Hace más de un siglo que el jurista Von Liszt, en su conocido Programa de Marburgo, manifestó que una de las finalidades de la pena de prisión era la corrección de los delincuentes. Para lograr este objetivo, debían desarrollarse programas de rehabilitación que ayudaran al condenado a comprender el significado antisocial de su conducta y a responsabilizarse de sus consecuencias. Gracias a este planteamiento, el condenado podía, una vez cumplida la pena, integrarse de nuevo en la sociedad en condiciones de igualdad con el resto de los ciudadanos. Suponía, por tanto, una mejora sustancial respecto del modelo penitenciario basado en el simple castigo y protegía a la sociedad del peligro de reincidencia.
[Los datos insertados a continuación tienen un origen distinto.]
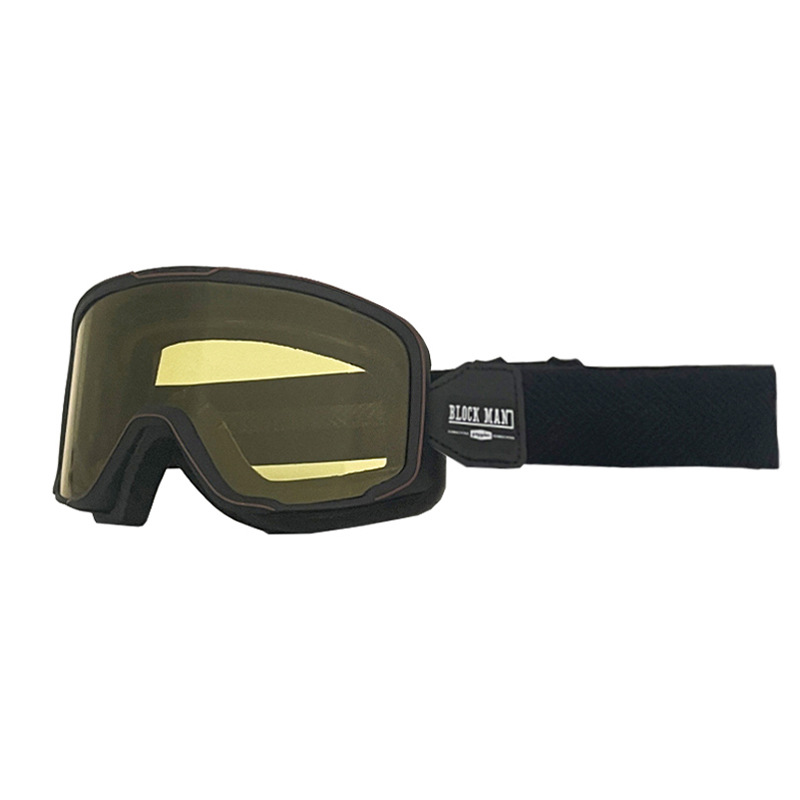 黒枠ブラウンエッジイエロー-ブラックバンド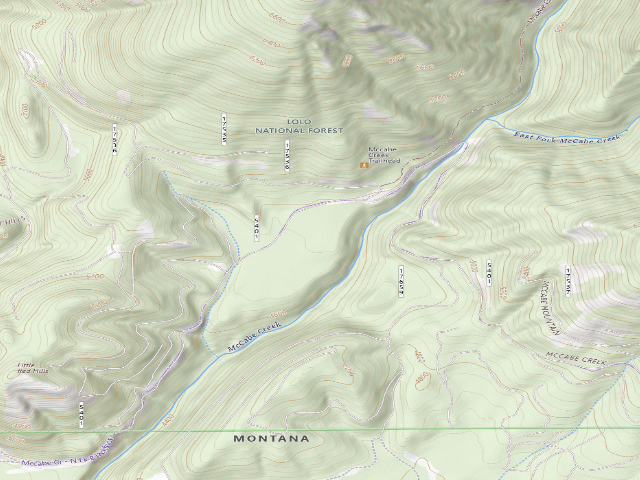 USGS topographic map of Monture 008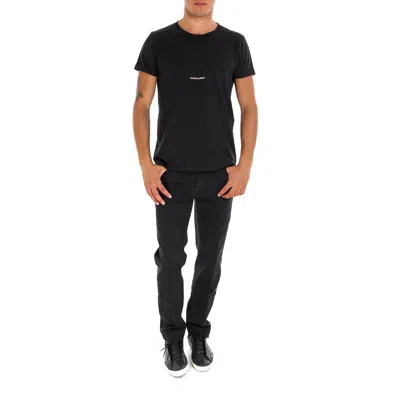 Shop Saint Laurent T-shirt In Black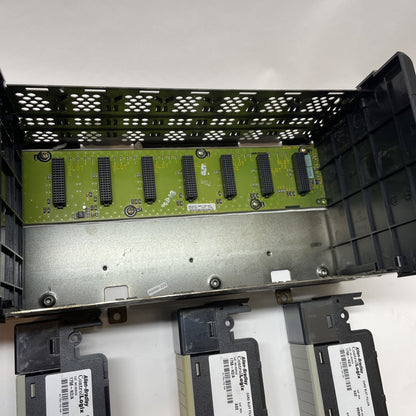Allen-Bradley 1756-A13/A ControlLogix 13-Slot Chassis PLC Rack + 5 Slot Fillers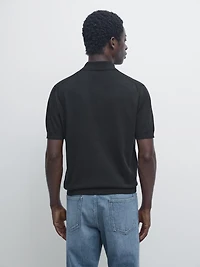 Polo en maille 100 % coton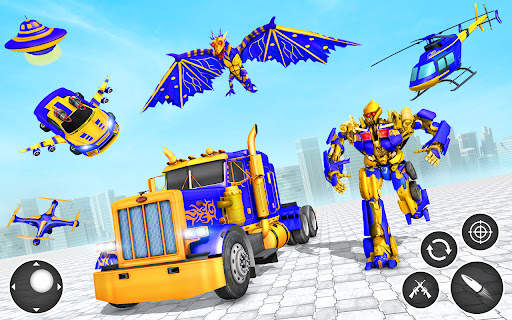 Dino Robot Transform Car Games screenshot 4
El desarrollo del Estado del bienestar potenció las políticas penitenciarias basadas en este modelo correccionalista. Sin embargo, a partir de los años setenta del siglo XX, comenzó en Estados Unidos un movimiento crítico con estos postulados. En 1974, el criminólogo Robert Martinson escribió un artículo titulado «What Works?» en el que analizaba el funcionamiento de las prisiones estadounidenses entre 1945 y 1967. Las conclusiones de su estudio fueron devastadoras. Salvo aisladas excepciones, los esfuerzos en favor de la rehabilitación no habían tenido ningún efecto apreciable sobre la reincidencia. A partir de ese momento se difundió la idea de que «nada funciona» y se recortó la inversión en los programas de rehabilitación que suponían una excesiva carga económica para las arcas públicas.
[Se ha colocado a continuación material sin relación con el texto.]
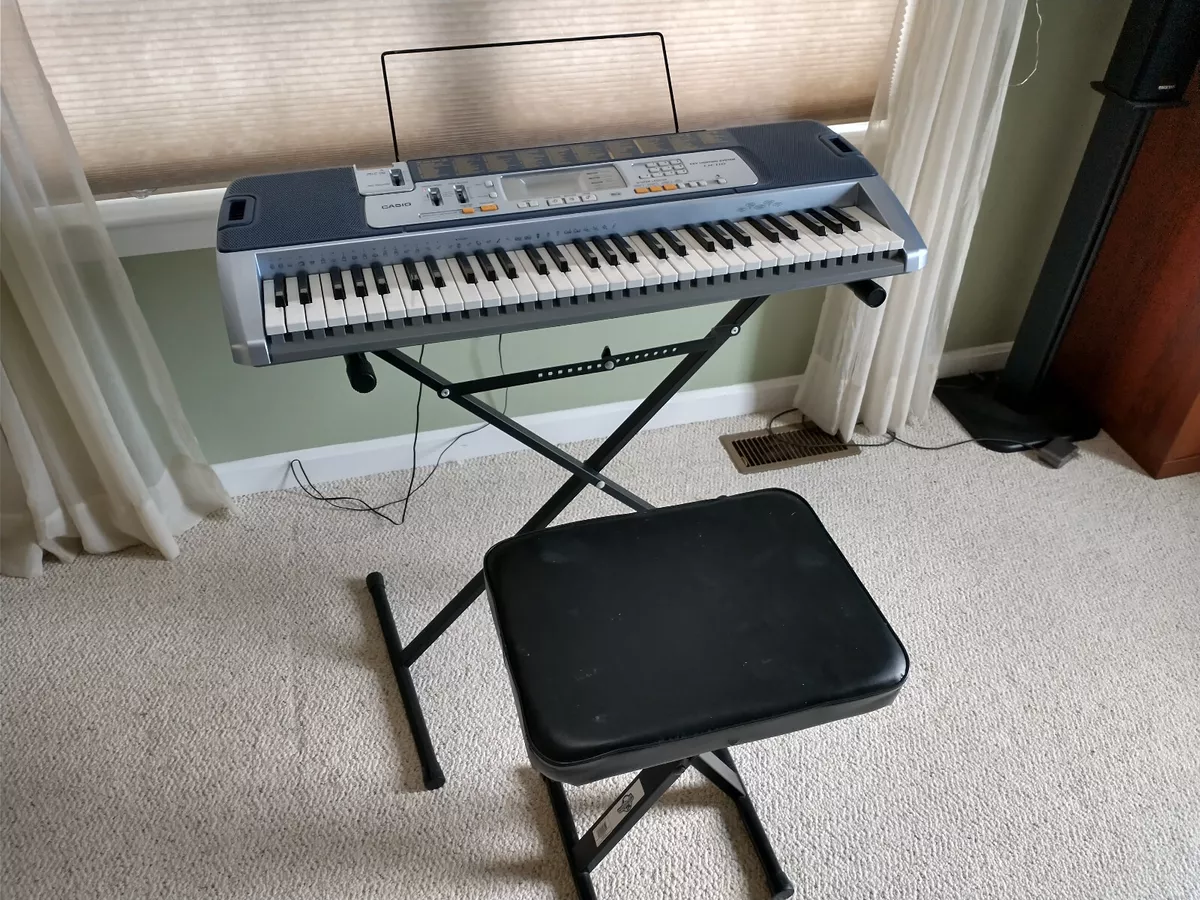 Casio Key Lighting Keyboard LK-110 with Stand, Seat, and Music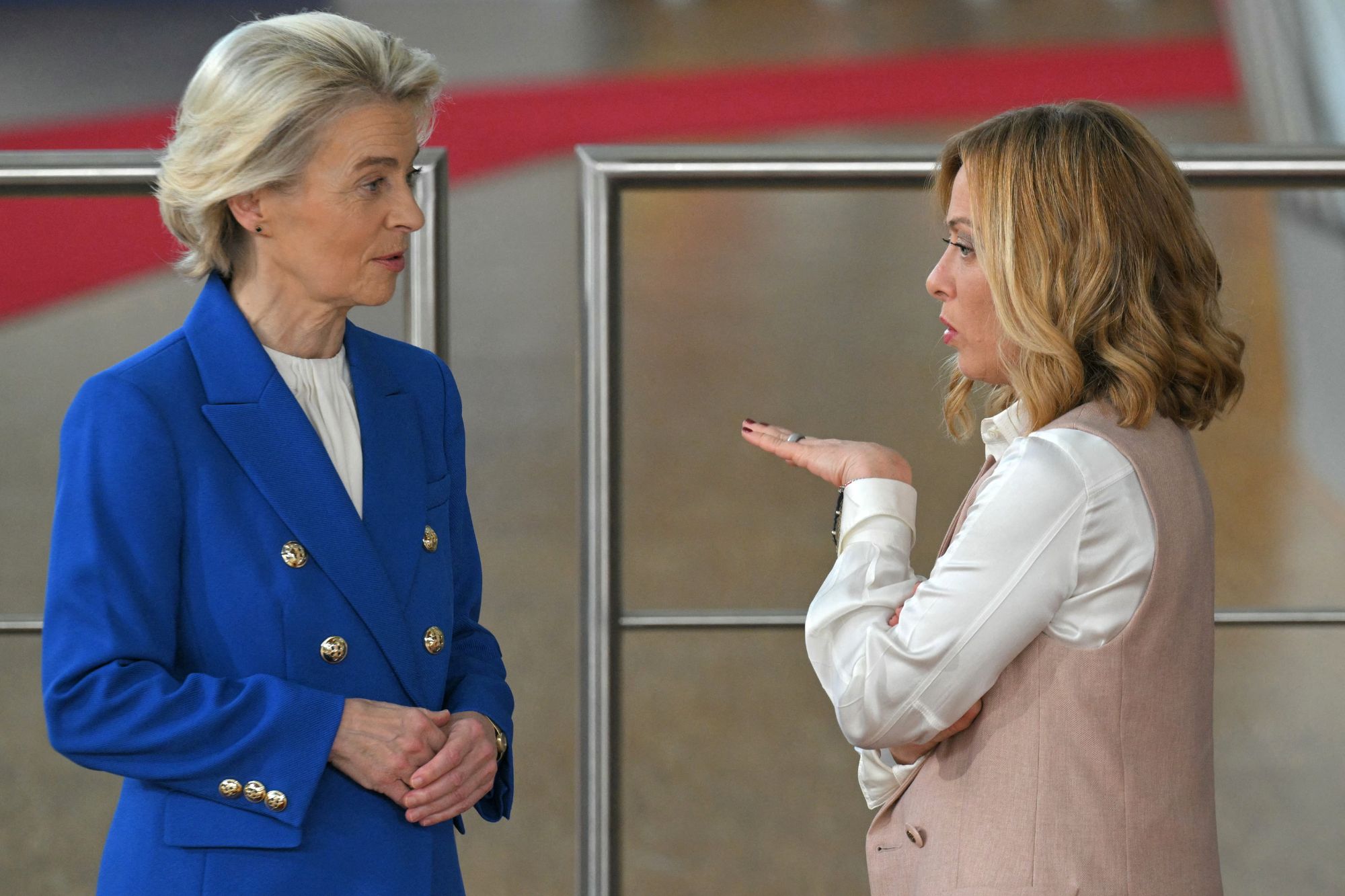 Von Der Leyen e Giorgia Meloni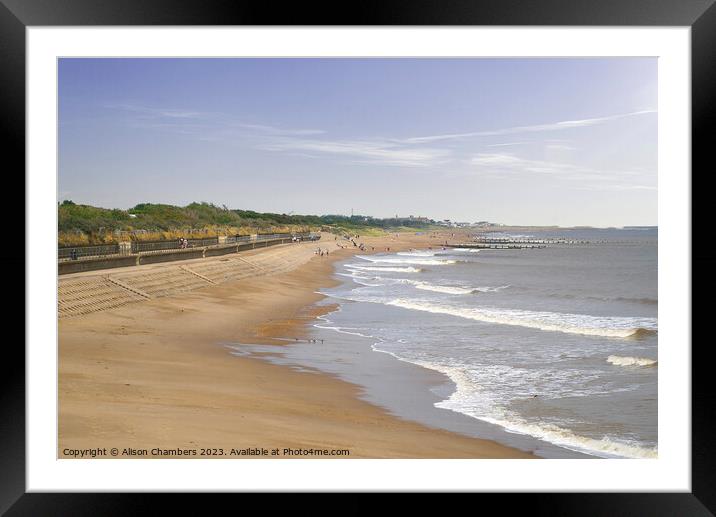 Skegness Beach Framed Mounted Print by Alison Chambers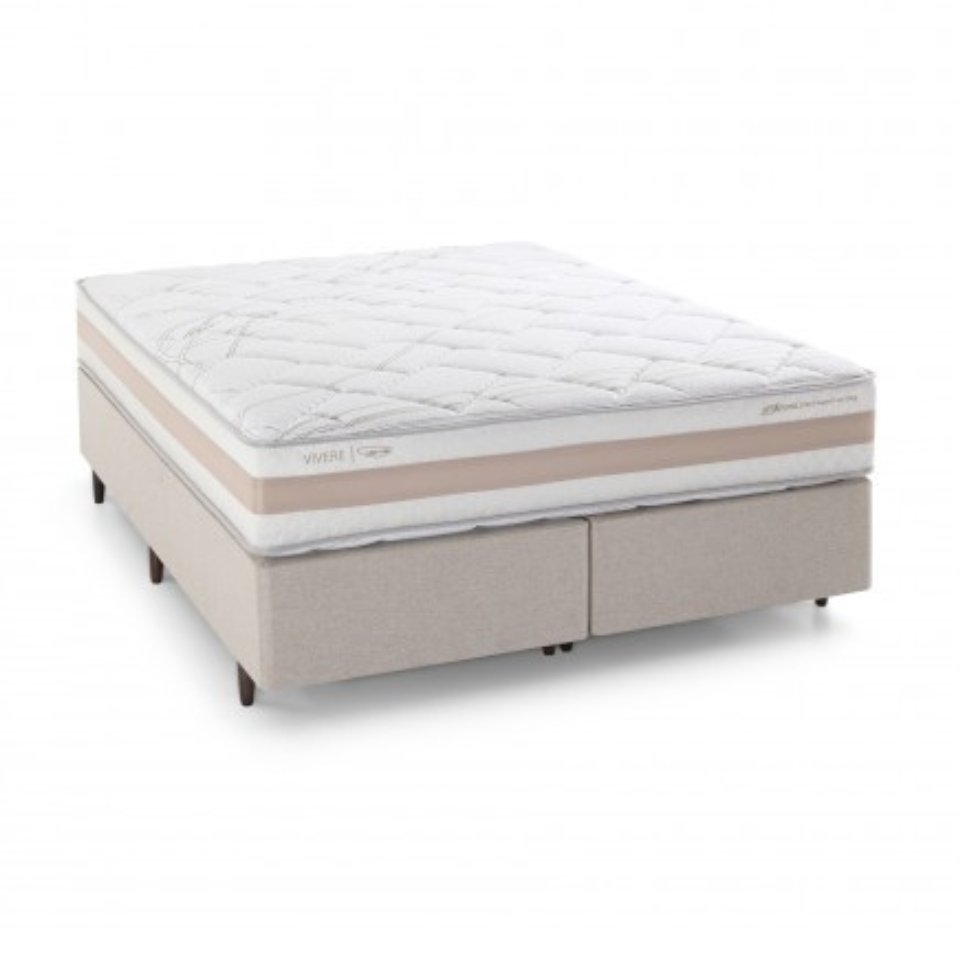 ウェルパワー Colchão KingSize Molas Ensacadas Dupla Face 150kg Herval 1,93x2,03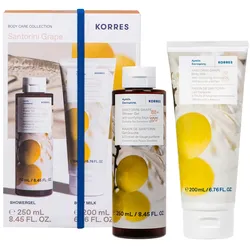 450ml KORRES Santorini Grape Body Care Collection (Duschgel 250ml + Bodymilk 200ml)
Esta crisis de la rehabilitación –impulsada por las políticas de ‘mano dura' y ‘tolerancia cero' que pretenden agravar el carácter ya de por sí aflictivo de la pena de prisión- también ha calado en la sociedad española. Existe una tendencia generalizada a considerar que la rehabilitación nunca se consigue y que la mayoría de los delincuentes reinciden. Sin embargo, los estudios efectuados hasta la fecha acreditan que los tratamientos de la delincuencia tienen un efecto parcial pero significativo en la reducción de las tasas de reincidencia y en la mejora de otras variables de riesgo delictivo. Los criminólogos Santiago Redondo y Nina Frerich efectuaron una revisión pormenorizada de los programas de rehabilitación europeos entre 1987 y 2012. Tras el estudio, concluyeron que estos tratamientos logran en promedio una reducción de la reincidencia delictiva de alrededor de 12 puntos en un rango muy variable de efectos que oscila desde una efectividad nula a disminuciones de la reincidencia de hasta 42 puntos.
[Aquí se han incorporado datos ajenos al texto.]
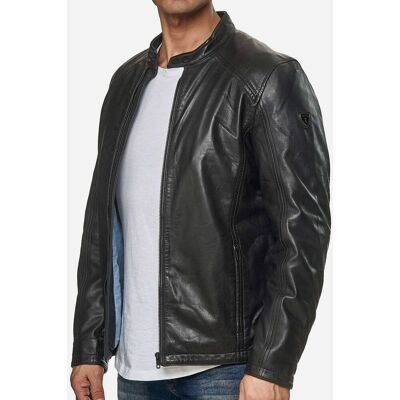 Tazzio Herren Jacke Lederjacke Echtleder Schwarz S Tazzio Herren Jacke Lederjacke Echtleder Schwarz S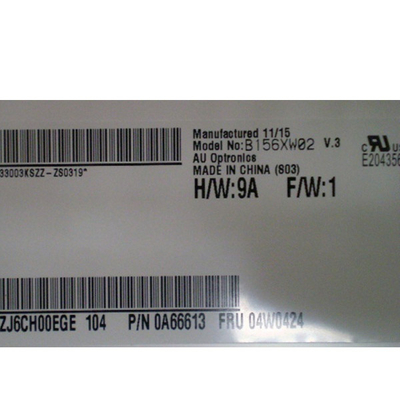 AUO B156XW02 V3 15,6-calowy 40-pinowy ekran laptopa 1366 * 768 WXGA 100PPI przeciwodblaskowy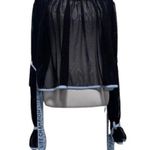 Ziztar Smocking Goth Mesh Long Sleeve Off Photo 0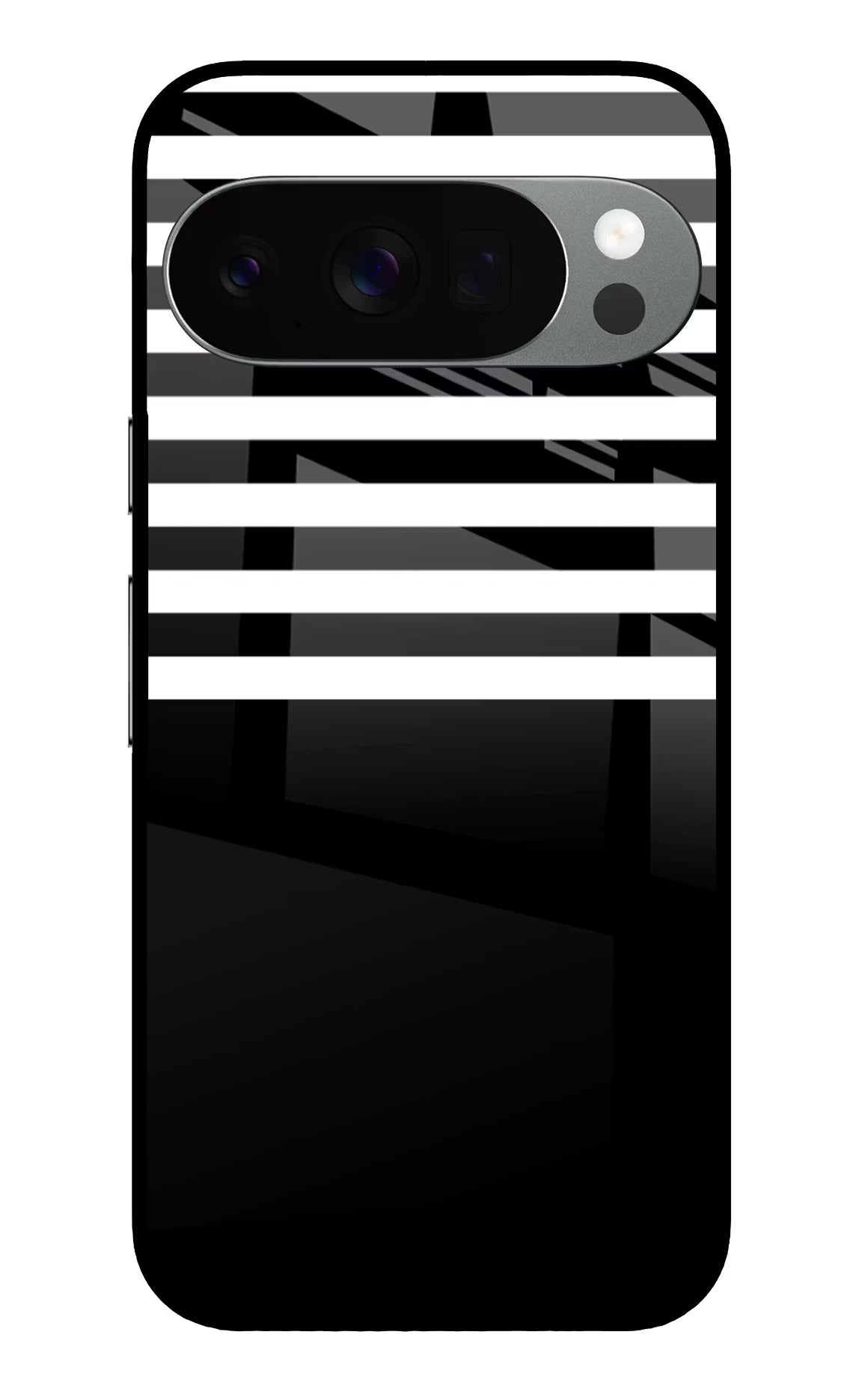 Black and White Print Google Pixel 10 Pro Glass Case - Black and White Print Google Pixel 10 Pro Glass Case Black and White Print Google Pixel 10 Pro Glass Case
Una sociedad comprometida con los derechos humanos no debe olvidar que, detrás de los muros de las prisiones, hay personas que en otro tiempo vivieron en libertad. Este reducido espacio puede organizarse, sin duda, de muchas maneras. Una de ellas es meter a una persona en una celda y tirar la llave al mar. Otra es ayudarle a comprender lo que ha hecho y sentar las bases para respetar la convivencia social. Aunque la rehabilitación muchas veces no consigue su objetivo, es una puerta a la esperanza que siempre debe estar abierta. Quizá sea el momento de recordar aquellas palabras de Fiódor Dostoyevski: «El grado de civilización de una sociedad se mide por el trato a sus presos».